21 de novembro de 2008

Alexander Fleming: Serendipidade

Alexander Fleming (1888-1955), médico e bacteriologista inglês, a quem se deve a descoberta da penicilina, o antibiótico mais conhecido da história.
Depois de estudar medicina, Alexander Fleming foi trabalhar no St. Mary’s Hospital, da Universidade de Londres. Seu desempenho na época de faculdade foi brilhante, ele ganhou vários prêmios em sua classe e se destacou nas área de fisiologia, farmacologia, patologia e medicina forense. Tornou-se pesquisador do St. Mary’s Hospital e professor de bacteriologia da Universidade de Londres. Como cientista, ele dedicou-se a pesquisar substâncias capazes de matar ou impedir o crescimento de bactérias nas feridas infectadas.
Os dois descobrimentos de Fleming ocorreram nos anos de 1920 e ainda que tenham sido acidentais demonstram a grande capacidade de observação e intuição deste médico britânico. O descobrimento da lizosima ocorreu depois que o muco de seu nariz, procedente de um espirro, caísse sobre uma placa de cultura onde cresciam colônias bacterianas. Alguns dias mais tarde notou que as bactérias haviam sido destruídas no local onde se havia depositado o fluido nasal.
A Alexander Fleming credita-se a descoberta da penicilina em 1929. O laboratório de Fleming estava habitualmente desorganizado, o que resultou em uma grande vantagem para sua segunda importante descoberta. Trabalhando com estafilococos em 1928, ao preparar placas para o crescimento desta bactéria, contaminou sua amostra com esporos de um fungo. Deixou suas amostras na bancada e partiu para duas semanas de férias. Quando voltou para o laboratório, notou que algumas placas haviam fungado, e ao redor do fungo não cresciam estafilococos. Ao invés de jogar fora a placa, resolveu estudar as propriedades daquele fungo. Ele observou uma cultura de bactérias do tipo estafilococo e o desenvolvimento do mofo a seu redor, onde as bactérias circulavam livres.

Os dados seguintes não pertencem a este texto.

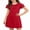 Red, variant on Arshiner Girls Summer Dress Tween Flutter Sleeve Pleated Front A Line Boho Beach Casual Dresses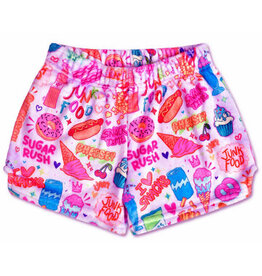 IScream Corey Paige Junk Food Plush Shorts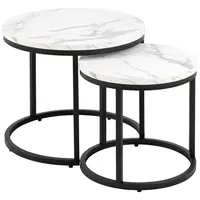 MID.YOU KONFERENČNÍ STOLEK, černá, bílá, kov, kompozitní dřevo, 45/40/45 cm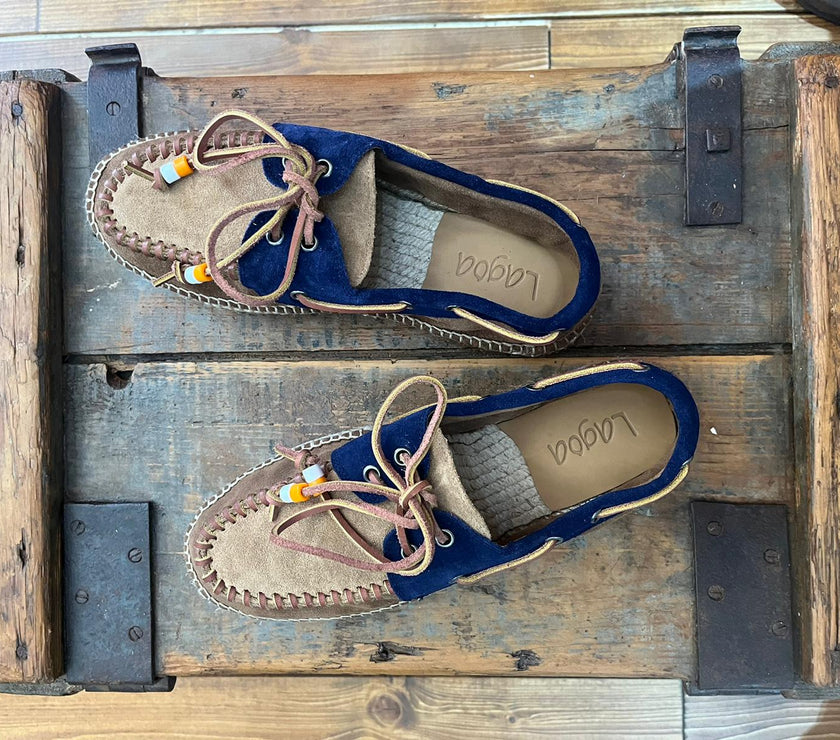 Lagoa Nautico Colors-Suede-Navy/Arena/mink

Fleming não patenteou sua descoberta, pois achava que assim seria mais fácil a difusão de um produto necessário para o tratamento das numerosas infecções que castigavam a população. Por seus descobrimentos, Fleming compartilhou o Prêmio Nobel de Fisiologia e Medicina junto a Ernst Chain Boris e Howard Florey.
Fleming tentou aprofundar a pesquisa e constatou que uma cultura líquida de mofo do gênero Penicillium evitava o crescimento dos estafilococos. Publicou os resultados desses estudos em 1929, mas não obteve reconhecimento nem recursos financeiros para aperfeiçoar o produto durante os anos seguintes.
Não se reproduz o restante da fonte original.